None of this is seasoned yet..  So I'm thinking it should be good to go somewhere about 2022 ..   That's if I get it split and stacked soon ...   It would be nice if I could come back and edit this thread with the final resting place after I'm done with it ...

So let me know about tips/tricks in splitting....  And which blocks you think would be best ...

"Thanks"

I also meant to say that the guy that I payed to cut it up didn't follow my instructions very well...  told him I wanted all cuts to be square and logs to be 12-16 inches long ... grrrrrrrrrrr


----------



## mike243 (Mar 14, 2021)

If the sap was still down you can use it this summer if you keep it dry, most of the moisture is in the root system during the winter, buds popping out or leaves on and it takes longer, splitting speeds drying out.


----------



## TNJAKE (Mar 14, 2021)

Nice haul.
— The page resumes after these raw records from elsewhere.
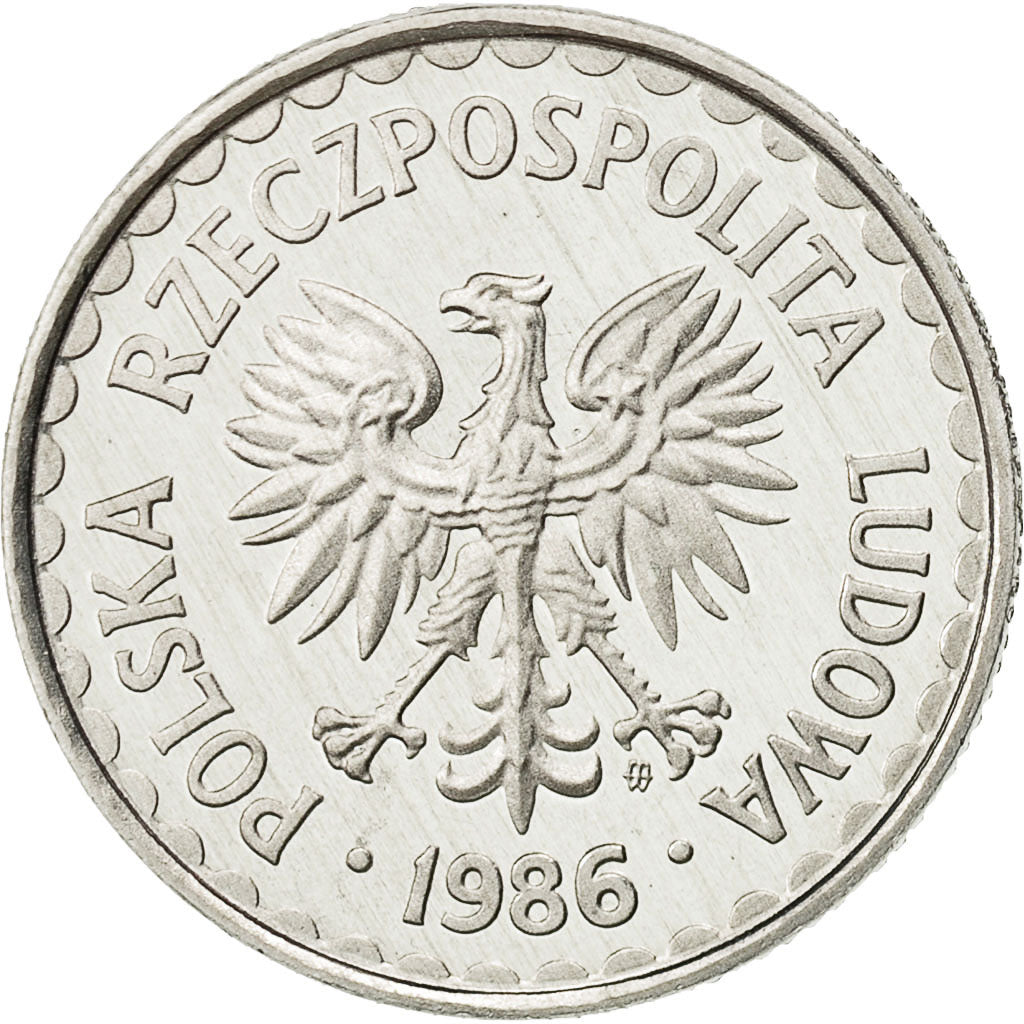 Polonia, Zloty, 1986, Warsaw, FDC, Alluminio, KM:49.2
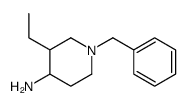4-Piperidinamine,3-ethyl-1-(phenylmethyl)-(9CI)结构式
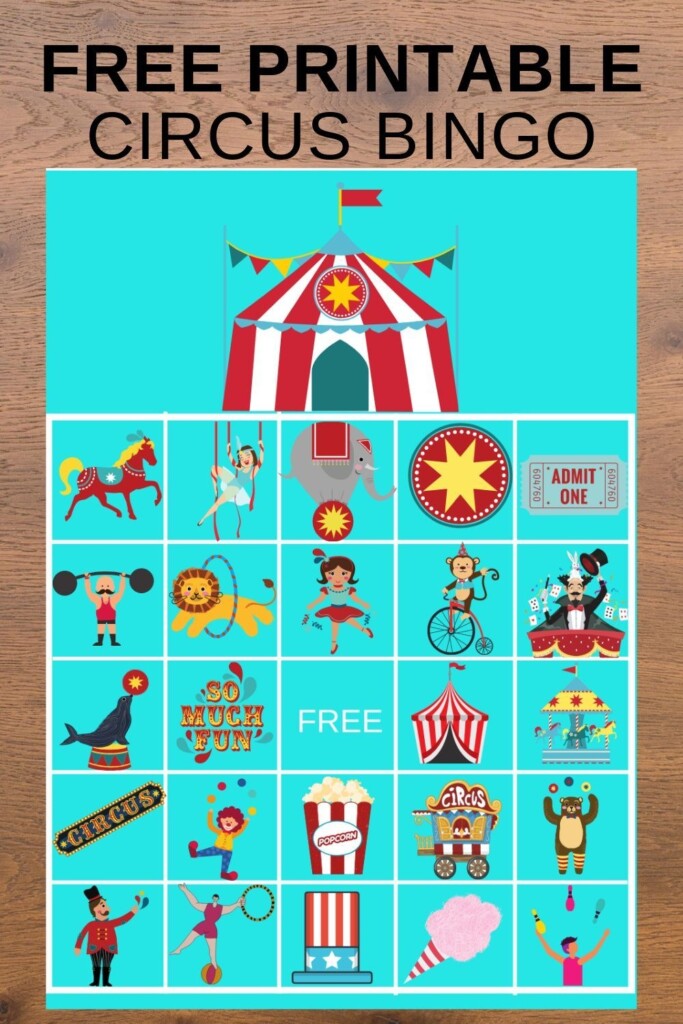 Carnival Bingo Printable Printable Word Searches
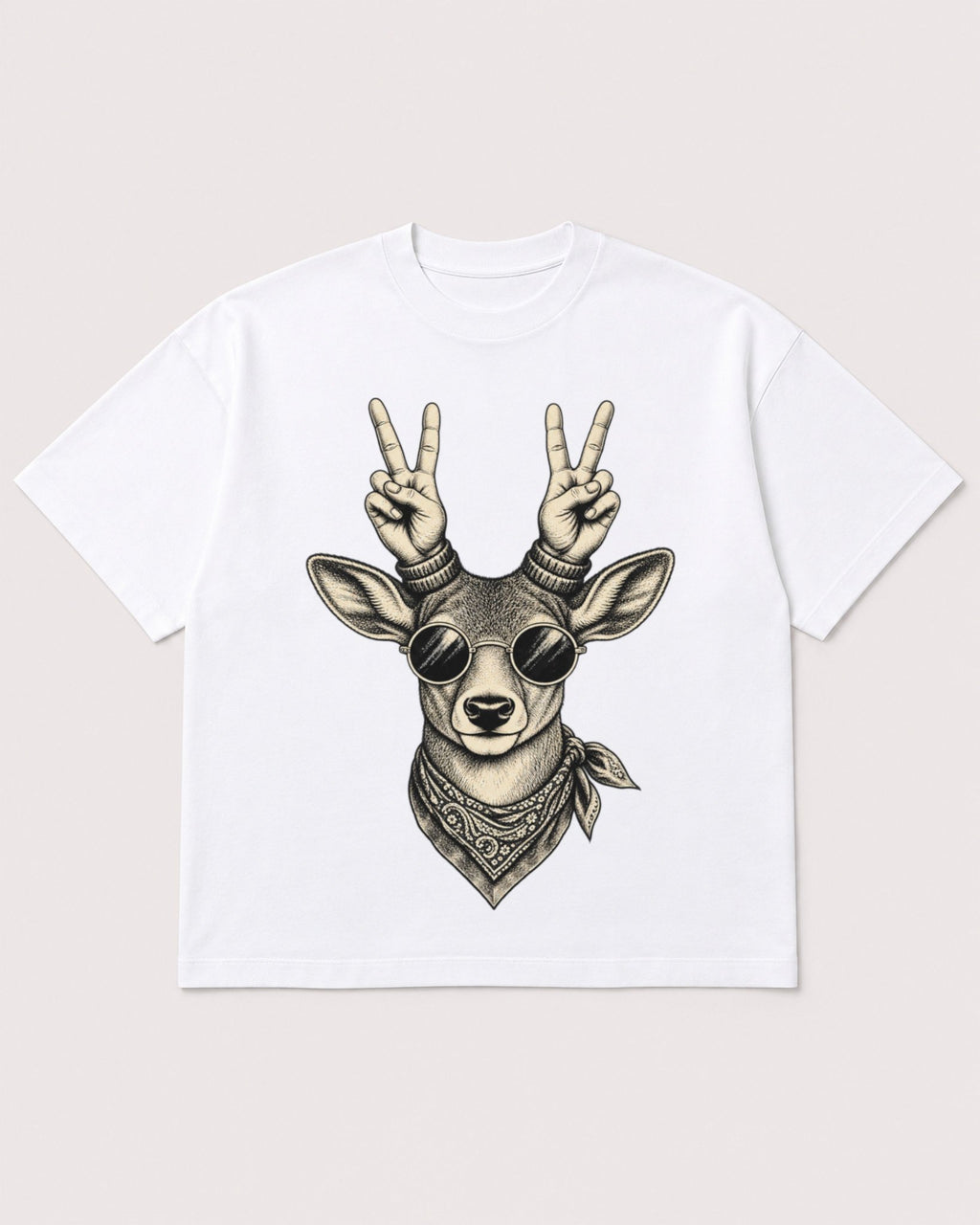 Mockup Boxy Heavyweight Tee White product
Our local hardware store rents nice splitters for $45 a day. Also if you have a sunbelt they rent them as well. Definitely worth it to make quick easy work of the pile. Nothing wrong with using that cedar to stack on. I wouldn't use railroad ties as they are full of nasty chemicals for long time preservation but that's just me.

Edit. Sorry I misread. I saw railroad ties not tracks. Carry on lol


----------



## pc farmer (Mar 14, 2021)

Nice load of wood.  Your plan looks good to me.  I would use the cedar and the metal track is a great idea.


----------



## indaswamp (Mar 14, 2021)

Nice haul! I love pecan...it's one of the main woods I use.


----------



## JckDanls 07 (Mar 14, 2021)

Thanks Y'all...



pc farmer said:


> metal track is a great idea


Yea..  I figured I was gonna need something long and strong and rot proof... 



indaswamp said:


> Nice haul! I love pecan...it's one of the main woods I use.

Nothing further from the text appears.